▶ About this task
Starting at the first line of the listing below and ending at the line with "Cover image for", copy each line exactly.

▶ Supplied entries
:::

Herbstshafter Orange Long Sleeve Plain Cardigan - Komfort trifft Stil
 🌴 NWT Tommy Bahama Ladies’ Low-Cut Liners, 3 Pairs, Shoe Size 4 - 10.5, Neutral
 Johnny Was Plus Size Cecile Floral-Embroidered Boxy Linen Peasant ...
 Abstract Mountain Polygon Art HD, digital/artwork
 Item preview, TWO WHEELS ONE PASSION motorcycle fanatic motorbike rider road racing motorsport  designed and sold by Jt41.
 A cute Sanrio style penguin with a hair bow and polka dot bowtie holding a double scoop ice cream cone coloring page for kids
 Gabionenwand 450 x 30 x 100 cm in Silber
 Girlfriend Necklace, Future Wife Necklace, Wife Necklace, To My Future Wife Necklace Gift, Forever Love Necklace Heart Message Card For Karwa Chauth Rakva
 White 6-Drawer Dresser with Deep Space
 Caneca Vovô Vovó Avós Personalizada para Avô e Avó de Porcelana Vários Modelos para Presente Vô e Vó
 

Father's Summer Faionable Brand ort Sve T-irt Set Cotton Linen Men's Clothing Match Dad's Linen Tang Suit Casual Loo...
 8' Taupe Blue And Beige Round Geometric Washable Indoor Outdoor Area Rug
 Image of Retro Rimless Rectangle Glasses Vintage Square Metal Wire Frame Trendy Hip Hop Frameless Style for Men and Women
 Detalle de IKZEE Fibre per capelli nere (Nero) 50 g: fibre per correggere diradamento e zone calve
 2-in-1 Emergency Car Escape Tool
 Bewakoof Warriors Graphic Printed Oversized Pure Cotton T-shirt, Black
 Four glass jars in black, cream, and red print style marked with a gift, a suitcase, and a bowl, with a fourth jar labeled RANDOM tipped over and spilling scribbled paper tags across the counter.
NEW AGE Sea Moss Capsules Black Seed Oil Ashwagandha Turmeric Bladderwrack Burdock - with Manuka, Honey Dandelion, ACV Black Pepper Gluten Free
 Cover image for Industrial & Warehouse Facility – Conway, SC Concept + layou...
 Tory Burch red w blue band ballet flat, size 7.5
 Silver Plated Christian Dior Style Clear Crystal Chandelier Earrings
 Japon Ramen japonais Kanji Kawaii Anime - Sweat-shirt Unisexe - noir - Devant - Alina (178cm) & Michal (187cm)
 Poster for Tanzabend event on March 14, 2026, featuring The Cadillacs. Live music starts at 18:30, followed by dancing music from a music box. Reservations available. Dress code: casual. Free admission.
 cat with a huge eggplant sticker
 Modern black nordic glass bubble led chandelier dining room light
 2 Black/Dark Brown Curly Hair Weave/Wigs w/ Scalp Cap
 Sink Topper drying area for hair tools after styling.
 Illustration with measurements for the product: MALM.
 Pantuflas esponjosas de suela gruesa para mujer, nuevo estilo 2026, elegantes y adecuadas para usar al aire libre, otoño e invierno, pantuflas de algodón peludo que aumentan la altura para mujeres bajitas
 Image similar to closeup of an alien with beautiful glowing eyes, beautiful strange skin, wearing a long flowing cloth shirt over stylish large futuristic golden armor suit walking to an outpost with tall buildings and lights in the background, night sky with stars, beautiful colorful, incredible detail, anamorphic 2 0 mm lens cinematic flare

:::

▶ Answer box
Herbstshafter Orange Long Sleeve Plain Cardigan - Komfort trifft Stil
 🌴 NWT Tommy Bahama Ladies’ Low-Cut Liners, 3 Pairs, Shoe Size 4 - 10.5, Neutral
 Johnny Was Plus Size Cecile Floral-Embroidered Boxy Linen Peasant ...
 Abstract Mountain Polygon Art HD, digital/artwork
 Item preview, TWO WHEELS ONE PASSION motorcycle fanatic motorbike rider road racing motorsport  designed and sold by Jt41.
 A cute Sanrio style penguin with a hair bow and polka dot bowtie holding a double scoop ice cream cone coloring page for kids
 Gabionenwand 450 x 30 x 100 cm in Silber
 Girlfriend Necklace, Future Wife Necklace, Wife Necklace, To My Future Wife Necklace Gift, Forever Love Necklace Heart Message Card For Karwa Chauth Rakva
 White 6-Drawer Dresser with Deep Space
 Caneca Vovô Vovó Avós Personalizada para Avô e Avó de Porcelana Vários Modelos para Presente Vô e Vó
 

Father's Summer Faionable Brand ort Sve T-irt Set Cotton Linen Men's Clothing Match Dad's Linen Tang Suit Casual Loo...
 8' Taupe Blue And Beige Round Geometric Washable Indoor Outdoor Area Rug
 Image of Retro Rimless Rectangle Glasses Vintage Square Metal Wire Frame Trendy Hip Hop Frameless Style for Men and Women
 Detalle de IKZEE Fibre per capelli nere (Nero) 50 g: fibre per correggere diradamento e zone calve
 2-in-1 Emergency Car Escape Tool
 Bewakoof Warriors Graphic Printed Oversized Pure Cotton T-shirt, Black
 Four glass jars in black, cream, and red print style marked with a gift, a suitcase, and a bowl, with a fourth jar labeled RANDOM tipped over and spilling scribbled paper tags across the counter.
NEW AGE Sea Moss Capsules Black Seed Oil Ashwagandha Turmeric Bladderwrack Burdock - with Manuka, Honey Dandelion, ACV Black Pepper Gluten Free
 Cover image for Industrial & Warehouse Facility – Conway, SC Concept + layou...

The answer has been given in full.